Significantly, by now some 20 years have been added to the human life span in the developed countries.  This was important in leading to the "graying" of the populations of Japan and Europe, with the U.S. not far behind. 

It hsa also been a big contributor to our Social Security crisis.  When Social Security started, people lived to an average age of 65.  Most people died before they could collect benefits for even a year!  Now American men live to 78 and women to 83 on the average., thanks in no small part to antibiotics.  They collect benefits for 13 and 18 years respectively.  That has helped overwhelm the Social Security system.

Vaccinations may account for around half of this longer life span, but antibiotics account for much of it.

How did we manage to abuse antibiotics to the point that we are in danger of losing their usefulness?  Here are the major ways:

-Overusing antibiotics.  For years we have been warned not to take them for every little thing, but that didn't stop us.  We insisted on them for colds and flu, especially for our kids.  But colds and flu are caused by viruses, not germs.  Antibiotics are useless for them.  Such overuse of antibiotics has accelerated the development of germs resistant to them.
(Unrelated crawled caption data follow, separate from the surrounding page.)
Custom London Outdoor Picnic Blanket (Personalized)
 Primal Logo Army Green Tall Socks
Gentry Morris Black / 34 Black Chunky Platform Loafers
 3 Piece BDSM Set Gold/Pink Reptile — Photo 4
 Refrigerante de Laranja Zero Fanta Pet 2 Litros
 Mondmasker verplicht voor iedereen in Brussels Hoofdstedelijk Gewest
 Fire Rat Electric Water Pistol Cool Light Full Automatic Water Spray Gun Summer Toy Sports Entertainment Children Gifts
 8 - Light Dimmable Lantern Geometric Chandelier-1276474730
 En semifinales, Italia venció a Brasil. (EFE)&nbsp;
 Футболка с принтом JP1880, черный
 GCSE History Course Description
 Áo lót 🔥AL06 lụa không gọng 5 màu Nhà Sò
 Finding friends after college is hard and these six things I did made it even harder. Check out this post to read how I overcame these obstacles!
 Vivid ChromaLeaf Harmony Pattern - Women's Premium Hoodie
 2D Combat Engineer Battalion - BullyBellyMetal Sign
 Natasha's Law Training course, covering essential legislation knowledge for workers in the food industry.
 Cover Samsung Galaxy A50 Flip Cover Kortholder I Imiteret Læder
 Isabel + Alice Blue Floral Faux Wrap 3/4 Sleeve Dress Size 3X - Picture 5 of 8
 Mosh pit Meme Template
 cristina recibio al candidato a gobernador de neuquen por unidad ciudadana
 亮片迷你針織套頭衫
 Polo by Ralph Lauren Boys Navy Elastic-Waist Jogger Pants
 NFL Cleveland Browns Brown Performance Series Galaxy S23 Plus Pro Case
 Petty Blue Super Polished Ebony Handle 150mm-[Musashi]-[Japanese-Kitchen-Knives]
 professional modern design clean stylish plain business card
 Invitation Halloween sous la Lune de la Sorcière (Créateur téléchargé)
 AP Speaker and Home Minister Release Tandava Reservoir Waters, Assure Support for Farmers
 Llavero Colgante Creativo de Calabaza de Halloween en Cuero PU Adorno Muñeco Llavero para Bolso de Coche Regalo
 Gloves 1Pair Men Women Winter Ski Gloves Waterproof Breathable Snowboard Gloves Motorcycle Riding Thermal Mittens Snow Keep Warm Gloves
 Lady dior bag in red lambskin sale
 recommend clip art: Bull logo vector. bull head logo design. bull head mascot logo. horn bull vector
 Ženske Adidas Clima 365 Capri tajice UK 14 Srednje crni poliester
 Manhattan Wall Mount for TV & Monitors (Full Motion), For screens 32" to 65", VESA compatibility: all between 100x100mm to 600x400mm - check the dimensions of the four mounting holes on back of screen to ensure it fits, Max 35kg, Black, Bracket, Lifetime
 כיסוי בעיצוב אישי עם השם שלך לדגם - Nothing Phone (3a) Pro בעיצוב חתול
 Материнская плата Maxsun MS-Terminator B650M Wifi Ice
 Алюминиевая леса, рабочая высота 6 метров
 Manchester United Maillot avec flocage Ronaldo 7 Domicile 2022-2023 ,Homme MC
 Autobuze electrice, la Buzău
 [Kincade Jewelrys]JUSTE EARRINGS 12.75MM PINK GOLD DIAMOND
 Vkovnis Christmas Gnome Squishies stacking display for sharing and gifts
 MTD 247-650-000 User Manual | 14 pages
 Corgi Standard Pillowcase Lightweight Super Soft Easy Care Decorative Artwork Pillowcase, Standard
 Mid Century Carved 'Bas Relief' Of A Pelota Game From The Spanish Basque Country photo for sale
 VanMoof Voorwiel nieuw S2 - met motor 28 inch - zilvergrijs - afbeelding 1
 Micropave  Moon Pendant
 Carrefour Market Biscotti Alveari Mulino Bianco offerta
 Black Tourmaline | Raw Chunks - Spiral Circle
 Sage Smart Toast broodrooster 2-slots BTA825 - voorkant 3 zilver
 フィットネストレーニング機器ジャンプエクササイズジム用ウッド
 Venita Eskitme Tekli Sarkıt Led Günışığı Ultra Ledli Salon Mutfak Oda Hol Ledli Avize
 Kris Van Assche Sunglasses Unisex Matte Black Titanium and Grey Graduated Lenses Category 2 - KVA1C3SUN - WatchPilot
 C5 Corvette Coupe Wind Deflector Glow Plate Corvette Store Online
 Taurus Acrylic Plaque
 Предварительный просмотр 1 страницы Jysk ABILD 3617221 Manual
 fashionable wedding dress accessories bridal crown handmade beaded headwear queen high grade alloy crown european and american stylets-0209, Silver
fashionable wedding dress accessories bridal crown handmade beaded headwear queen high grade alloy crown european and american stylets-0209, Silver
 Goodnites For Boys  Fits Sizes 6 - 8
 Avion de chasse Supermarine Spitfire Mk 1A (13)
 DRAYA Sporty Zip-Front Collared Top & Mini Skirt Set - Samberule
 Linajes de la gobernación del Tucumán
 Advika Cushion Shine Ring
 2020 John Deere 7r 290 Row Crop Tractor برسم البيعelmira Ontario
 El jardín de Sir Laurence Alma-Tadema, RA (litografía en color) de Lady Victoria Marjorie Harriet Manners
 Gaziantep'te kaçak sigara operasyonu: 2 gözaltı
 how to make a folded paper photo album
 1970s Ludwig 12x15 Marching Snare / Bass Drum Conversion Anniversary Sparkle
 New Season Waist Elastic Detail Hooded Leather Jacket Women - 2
-Misusing antibiotics.  When we take them, we tend to stop as soon as we feel OK instead of taking the "full course" our doctors warn us to take.  We don't see why we should keep taking them after we are well.  But the reason is that germs have a life cycle.  We have to keep taking the antibiotic until after the next generation spawns in our bodies, so the antibiotic can get the new crop too.  We mostly haven't done that.  Which is how we got drug-resistanc TB, for instance.  And how TB has made a big comeback, after it was thought to have disappeared.  It was mostly from TB patients not taking their antibiotics for as long as the doctor told them to.

-Industrial use of antibiotics on a massive scale.  Not only indiscriminate use of antibiotics by veterinarians, but also by agriculture.  Factory farms and feed lots use an incredible amount of antibiotics.  They use them not only when the animals are sick, but also when they are well, to prevent them from getting sick.  Fish farms also use tremendous amounts of antibiotics.  Why?  The animals and the fish are kept so close together in such a small space, surrounded by their own excrement, that they get sick very easily.  Using antibiotics on such a gigantic scale helps to accelerate the development of antibiotic-resistant strains of germs even more.  It also adds antibiotics to our bodies when we eat such animals and fish.

So what do we do now?  We have to start using stronger personal hygiene, especially with cleaning our hands.  We have to cleanse and sanitize our surroundings in ways that have not seemed necessary for some 60 years.  We have to be more careful about what we eat and drink.  We have to be more careful about what we touch and what we put in our mouths.  We will need to limit intimate contact to a very few people.  (Faithful monogamy might even make a comeback!)   We also need to be more concerned about where we travel and how to protect ourselves better when we do.  If we bring home a strange illness, it could be much harder to cure.  And we need to take a new look at centralized air conditioning and heating systems.  They can spread germs widely through entire buildings - not only hospitals, but also hotels, office buildings, stores and other large buildings.  Not to mention planes, trains and buses.  (See here for additional protective precautions.) 

We may be on the verge of leaving this comforting 60-year-old age of broad protection by antibiotics from disabling diseases and shorter life spans.  The times, they are a-changing.  We will have to learn how to change with them.